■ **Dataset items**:
__________

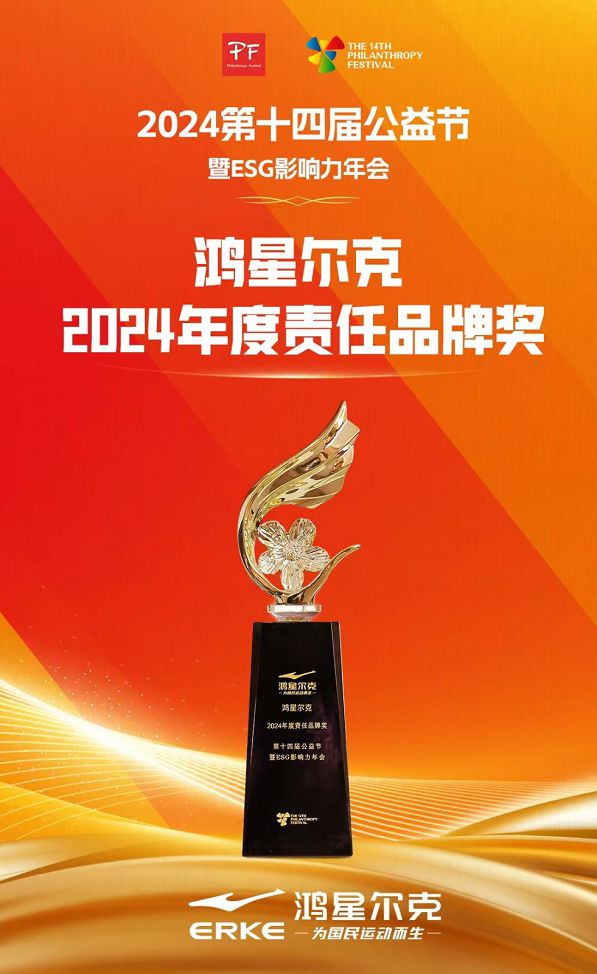 四届公益节“2024 年度责任品牌奖”球盟会最新责任领航！鸿星尔克荣获第十(图1)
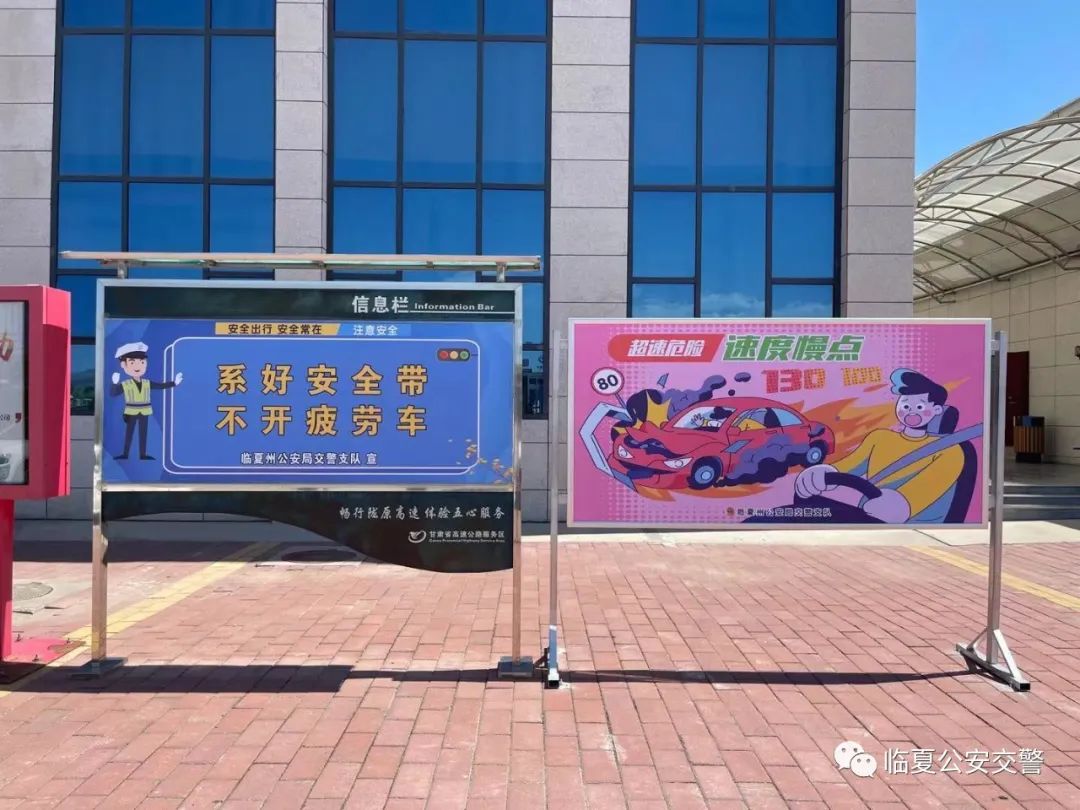 临夏公安交警全面开展交通秩序整治 全力预防道路交通事故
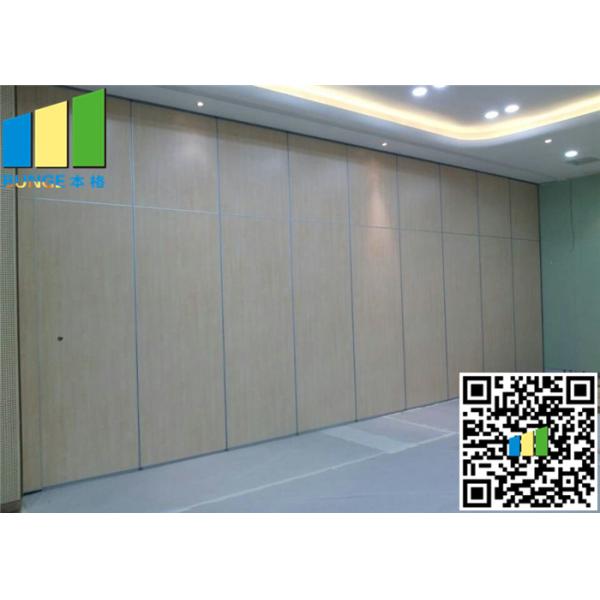 Conference Room Sliding Folding Partitions Movable Walls For Art Gallery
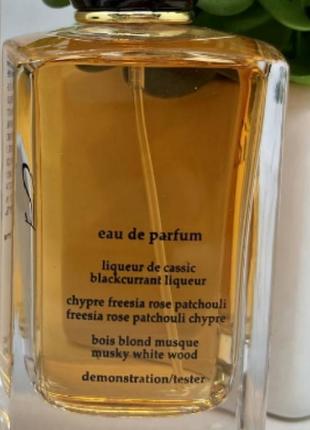 Giorgio armani si parfum духи женские оригинал 100мл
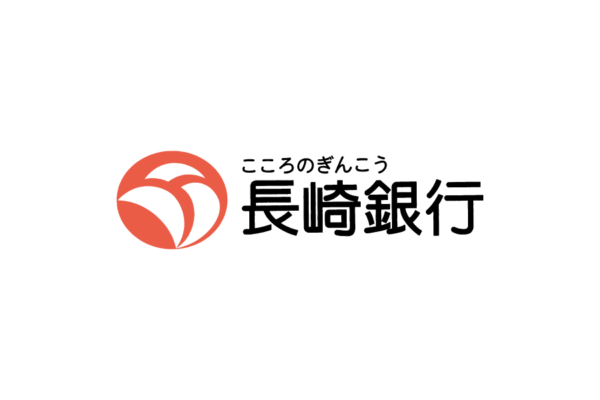 日本地方銀行-長崎銀行（The Nagasaki Bank, Ltd.）ロゴデータ無料素材ダウンロード ai svg png　フリー素材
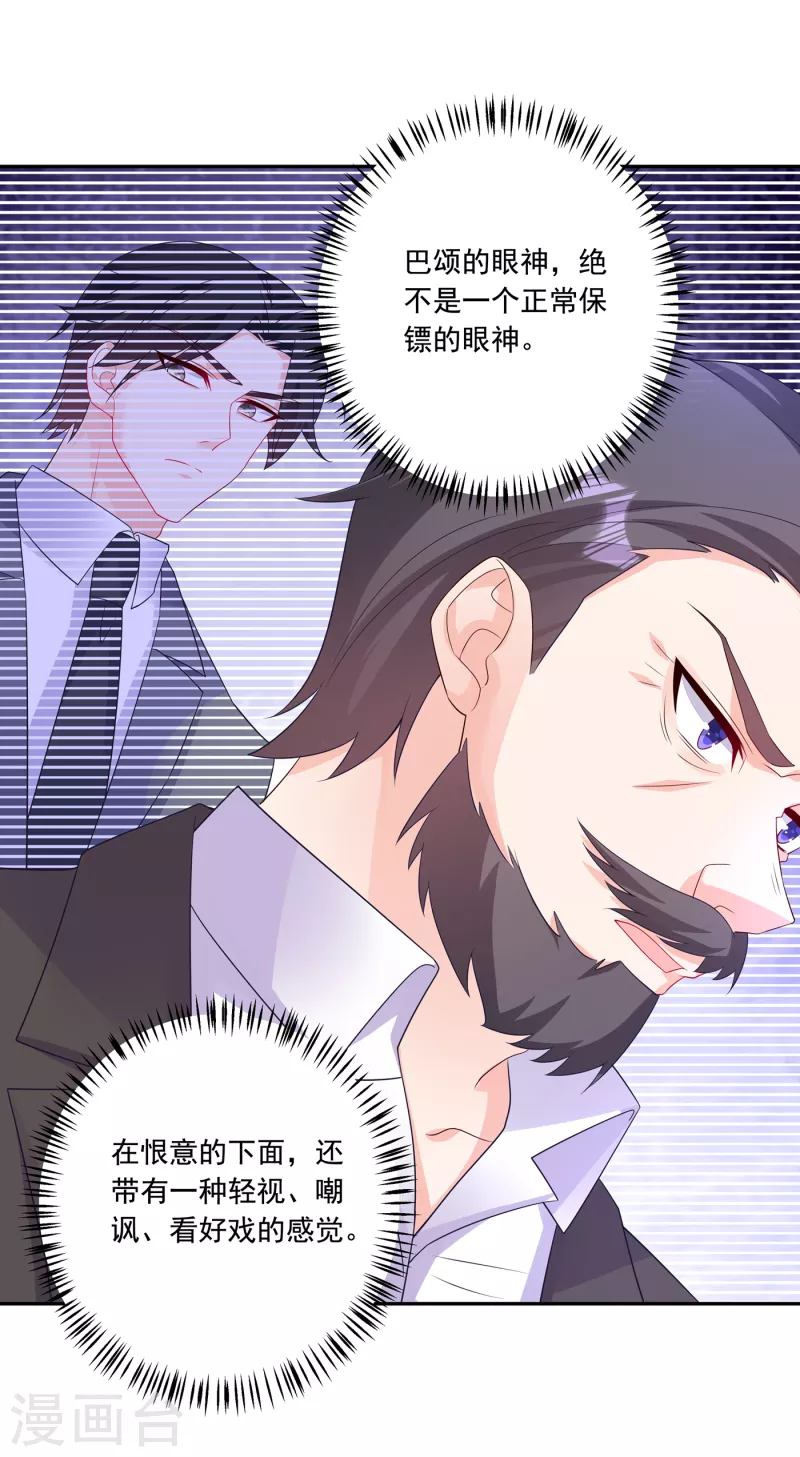 第405话 阿朗，我不会害你的28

__________

■ **WORK REQUIRED**:
Print every record above exactly, with no pictures.

■ **RESPONSE BOX**:
 四届公益节“2024 年度责任品牌奖”球盟会最新责任领航！鸿星尔克荣获第十(图1)
 临夏公安交警全面开展交通秩序整治 全力预防道路交通事故
 Conference Room Sliding Folding Partitions Movable Walls For Art Gallery
 Giorgio armani si parfum духи женские оригинал 100мл
 日本地方銀行-長崎銀行（The Nagasaki Bank, Ltd.）ロゴデータ無料素材ダウンロード ai svg png　フリー素材
 第405话 阿朗，我不会害你的28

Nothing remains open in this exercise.